YOUR ASSIGNMENT => With the pictures left out, retype exactly the lines below starting at the line that contains "Couleur 304 en" and ending at the line that contains "Vincent Van Gogh - Cafeterrass på natten Nål".

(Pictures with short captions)

= = =

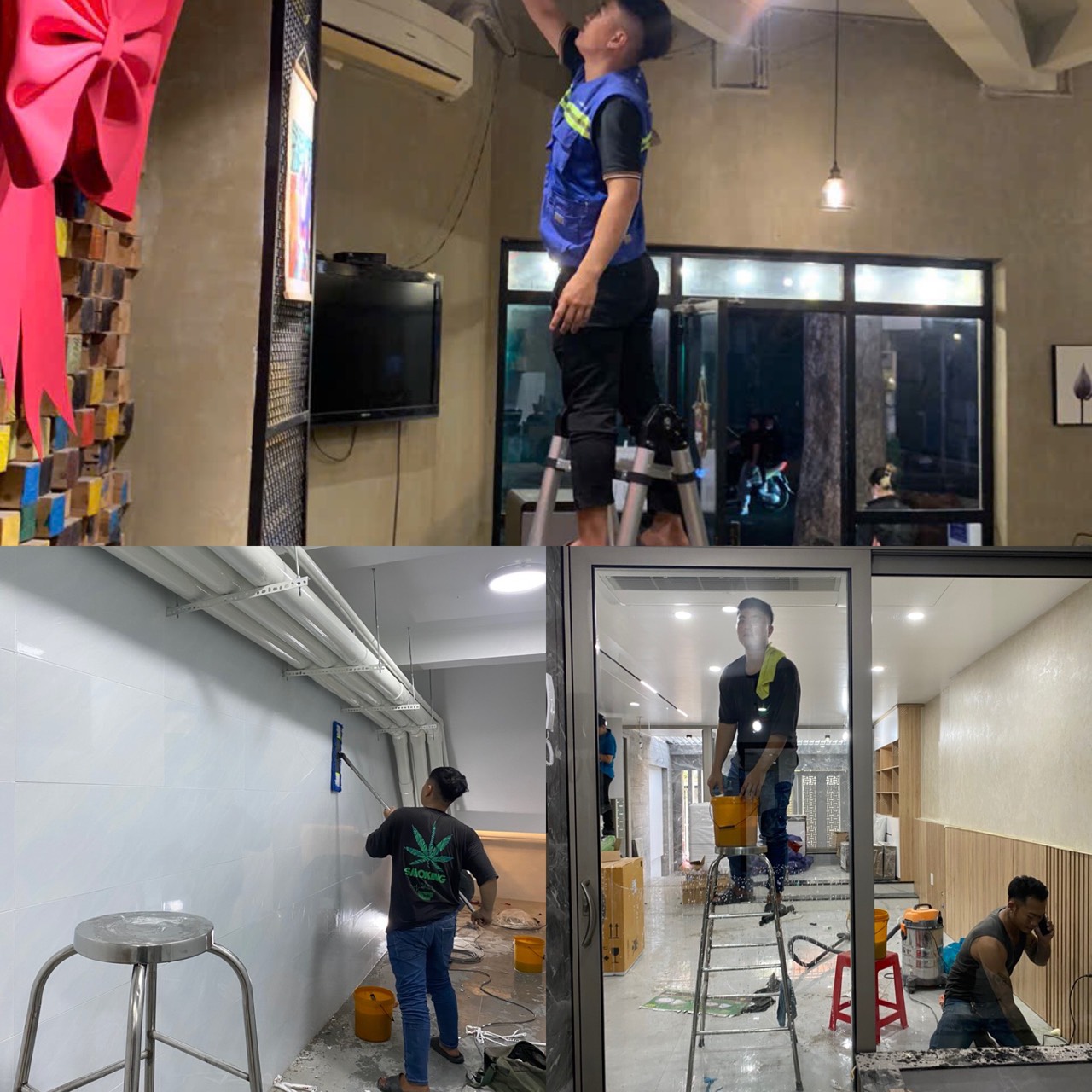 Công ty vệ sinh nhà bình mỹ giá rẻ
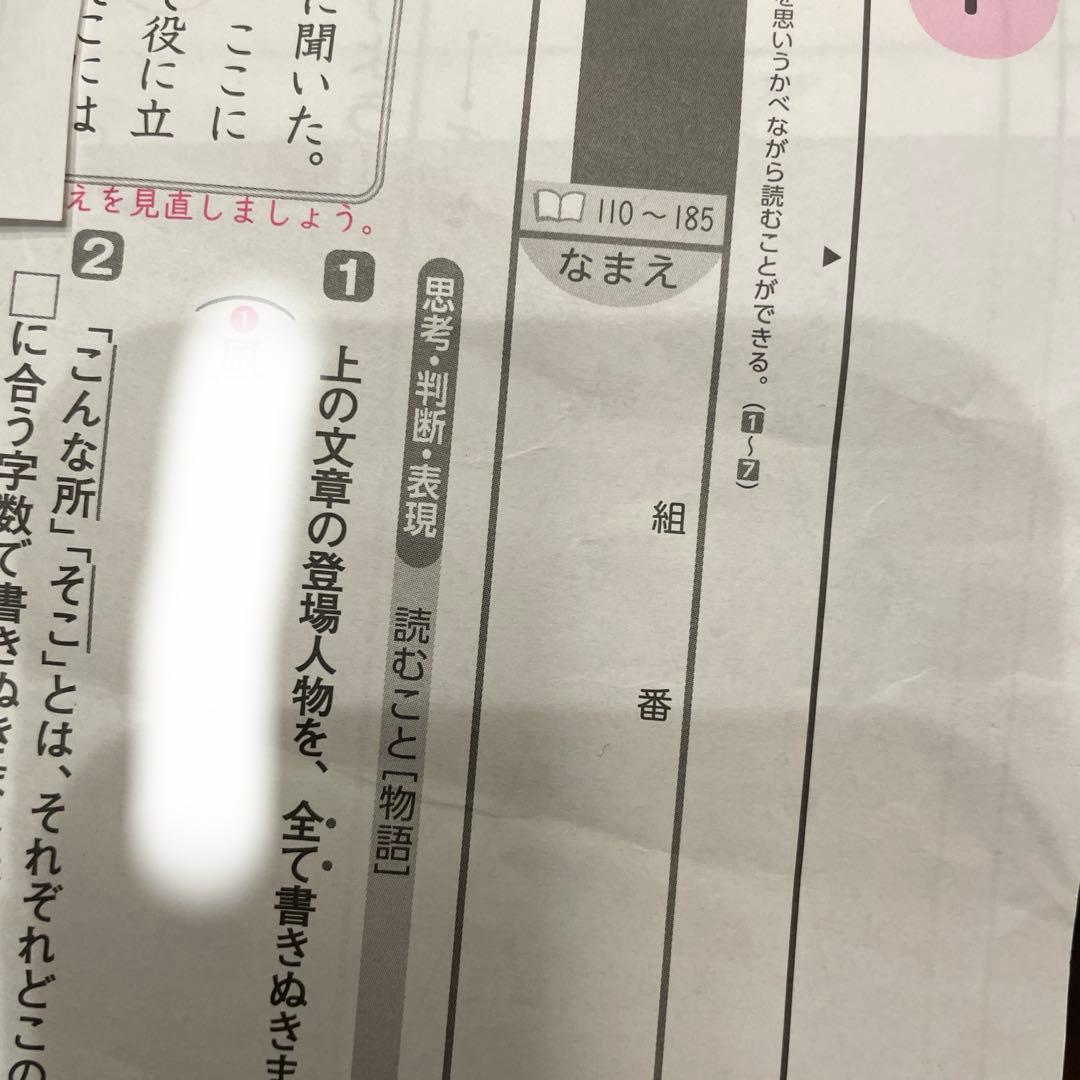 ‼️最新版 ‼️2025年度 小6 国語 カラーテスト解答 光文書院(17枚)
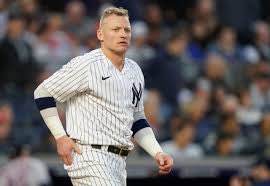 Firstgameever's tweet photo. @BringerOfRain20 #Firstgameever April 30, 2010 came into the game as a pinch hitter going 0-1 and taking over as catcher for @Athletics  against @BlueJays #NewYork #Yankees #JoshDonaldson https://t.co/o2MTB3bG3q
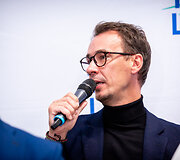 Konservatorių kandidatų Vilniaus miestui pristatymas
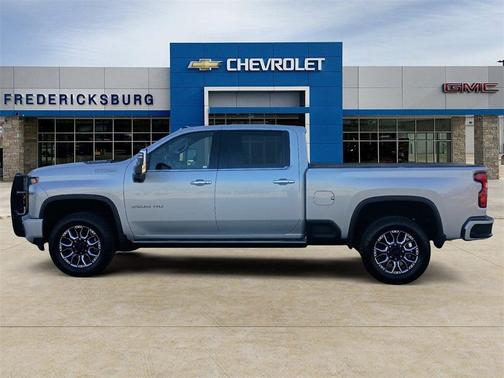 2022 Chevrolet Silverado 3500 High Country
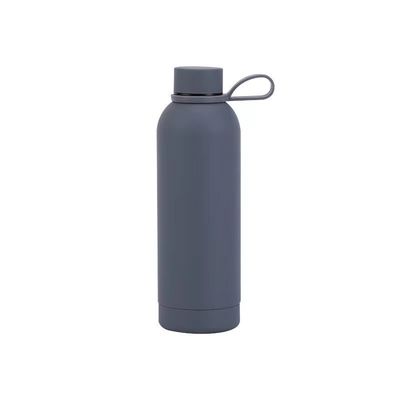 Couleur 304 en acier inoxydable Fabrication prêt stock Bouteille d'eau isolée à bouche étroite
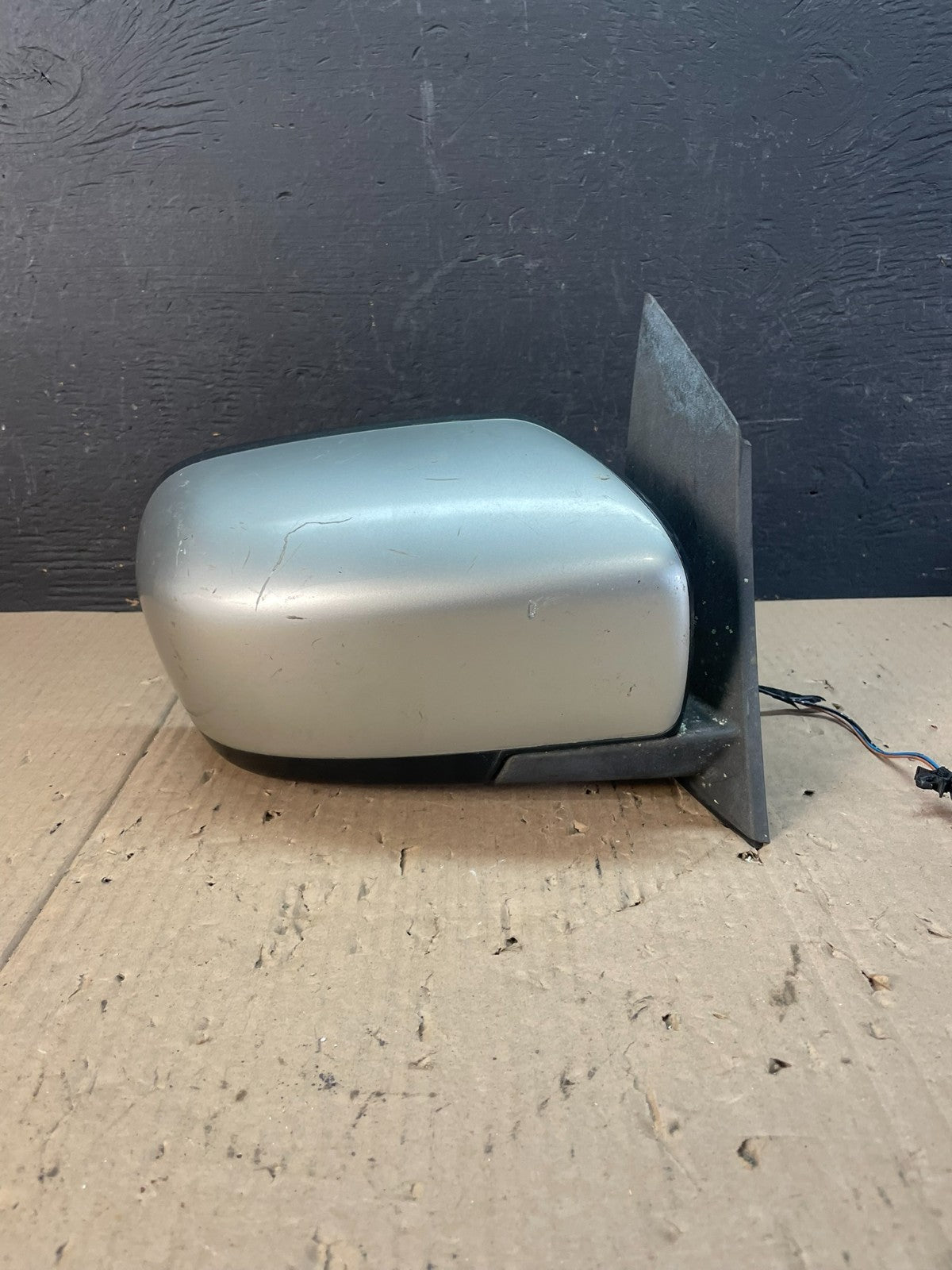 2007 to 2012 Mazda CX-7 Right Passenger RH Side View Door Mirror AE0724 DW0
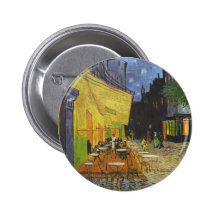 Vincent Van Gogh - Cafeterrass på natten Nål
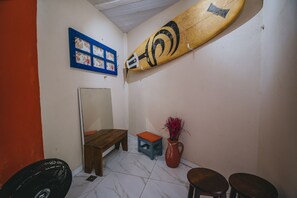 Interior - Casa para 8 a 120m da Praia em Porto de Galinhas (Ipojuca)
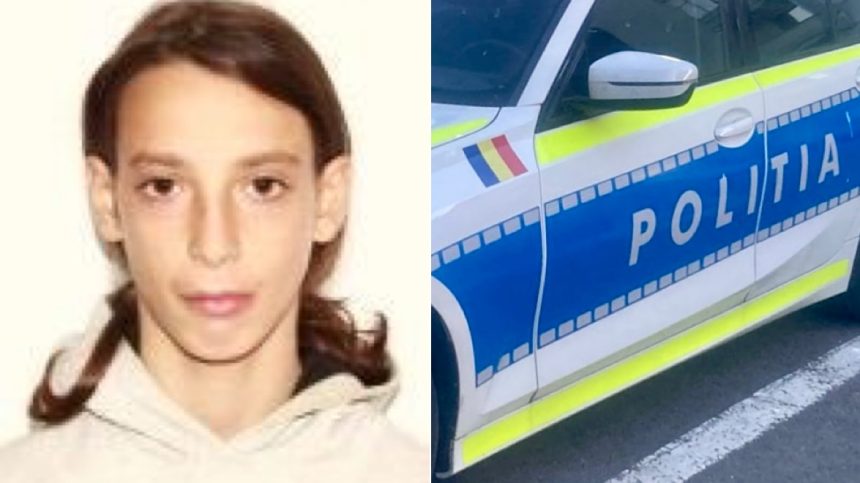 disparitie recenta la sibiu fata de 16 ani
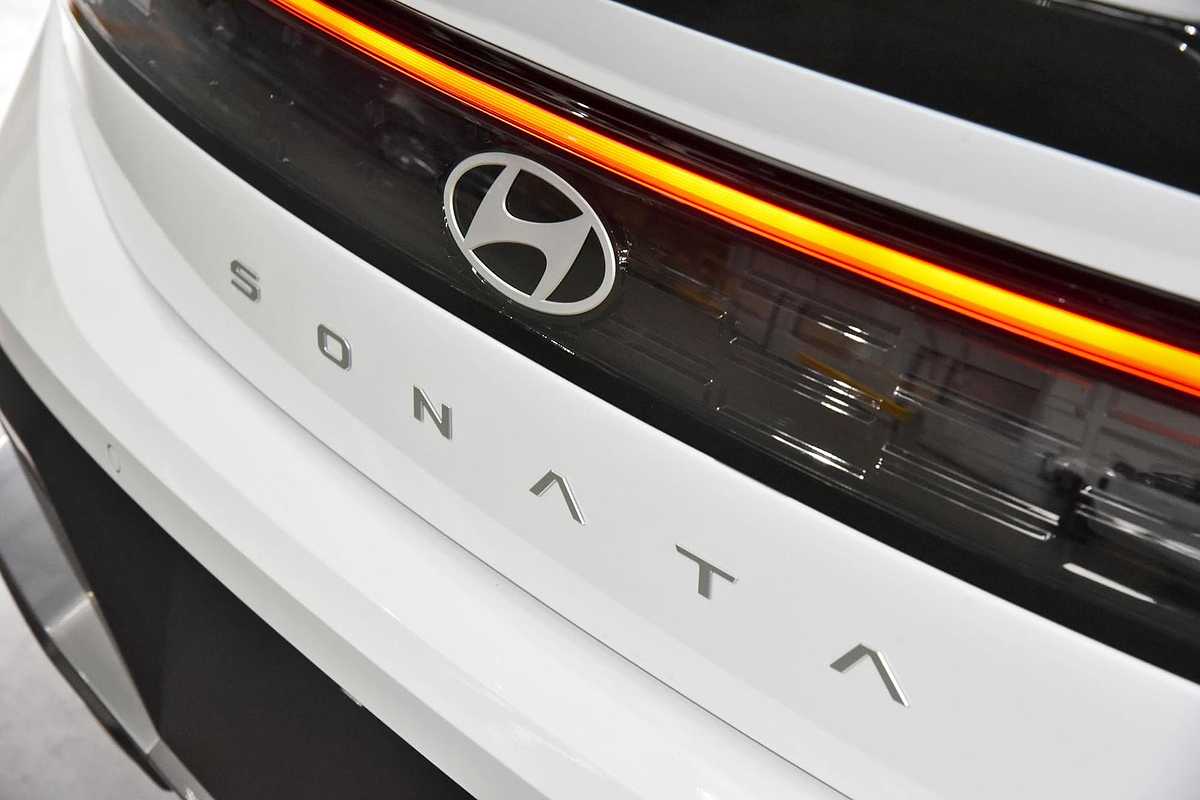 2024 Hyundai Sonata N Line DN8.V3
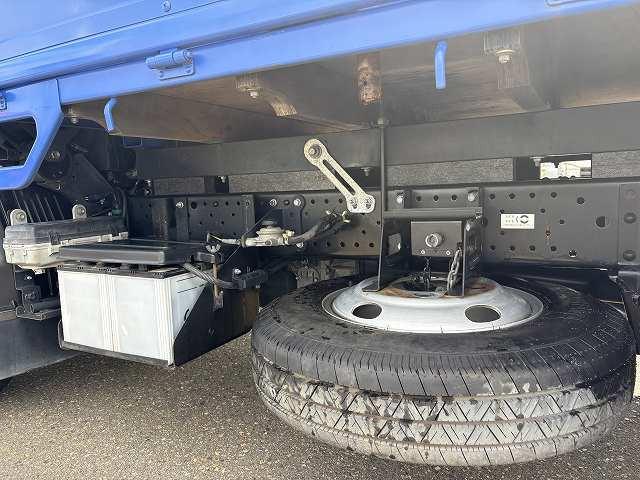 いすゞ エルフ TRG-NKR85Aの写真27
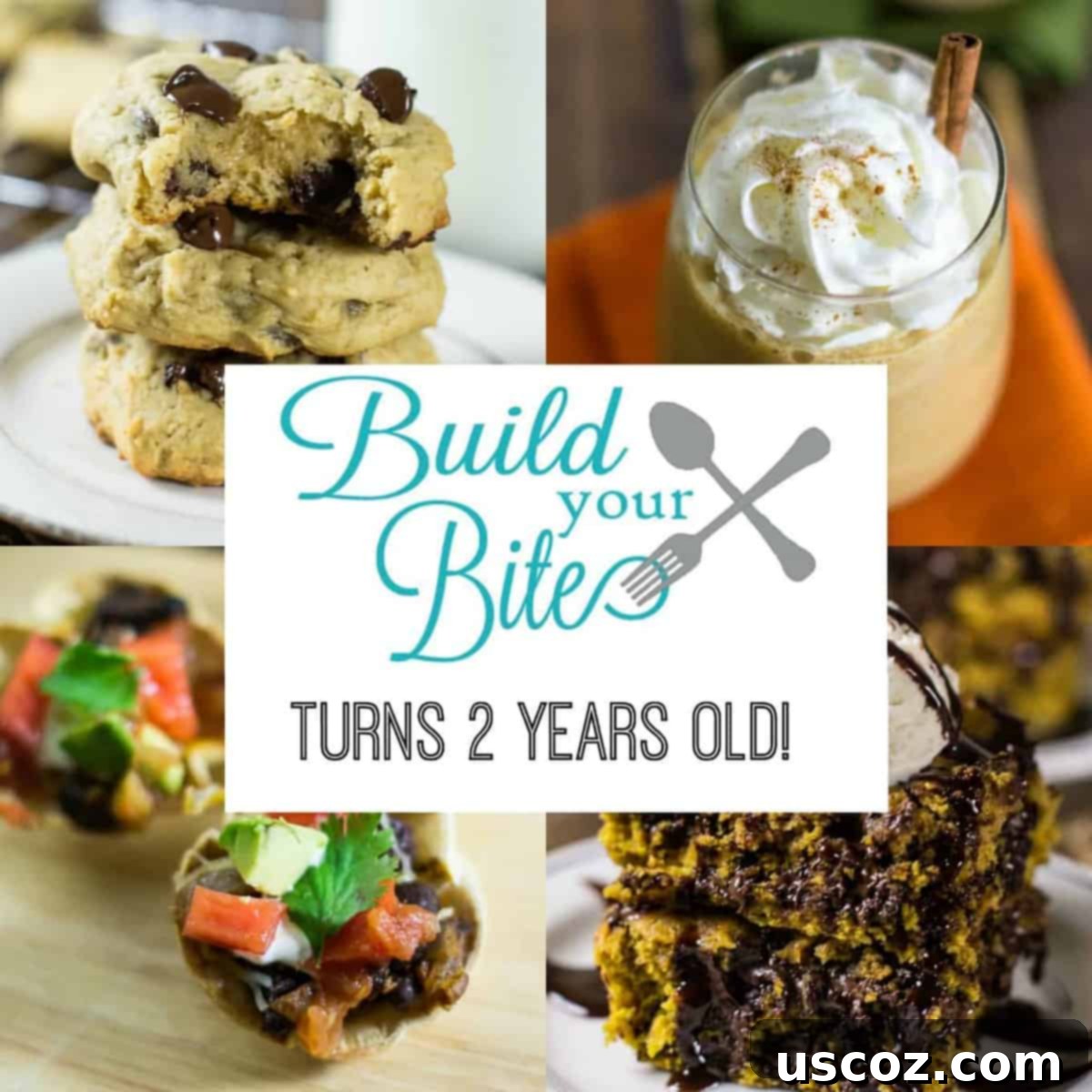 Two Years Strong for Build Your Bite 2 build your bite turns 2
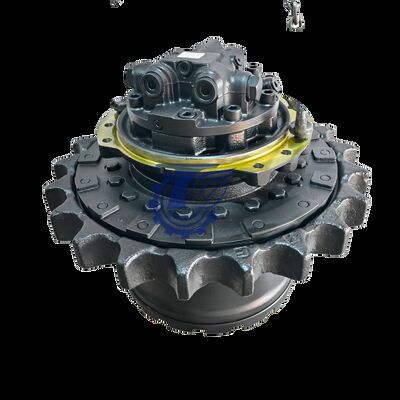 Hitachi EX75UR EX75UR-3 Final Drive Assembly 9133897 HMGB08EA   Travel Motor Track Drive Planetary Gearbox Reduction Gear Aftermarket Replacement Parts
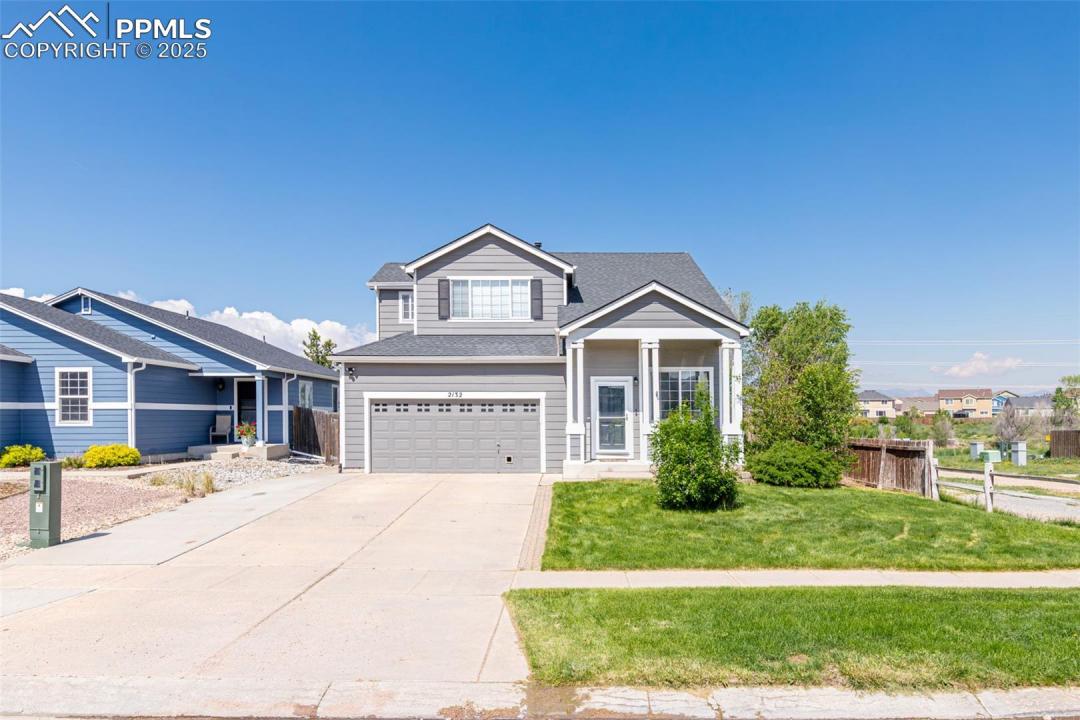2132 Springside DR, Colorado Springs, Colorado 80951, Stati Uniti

= = =

TASK RESULT =>
 Couleur 304 en acier inoxydable Fabrication prêt stock Bouteille d'eau isolée à bouche étroite
 2007 to 2012 Mazda CX-7 Right Passenger RH Side View Door Mirror AE0724 DW0
 Vincent Van Gogh - Cafeterrass på natten Nål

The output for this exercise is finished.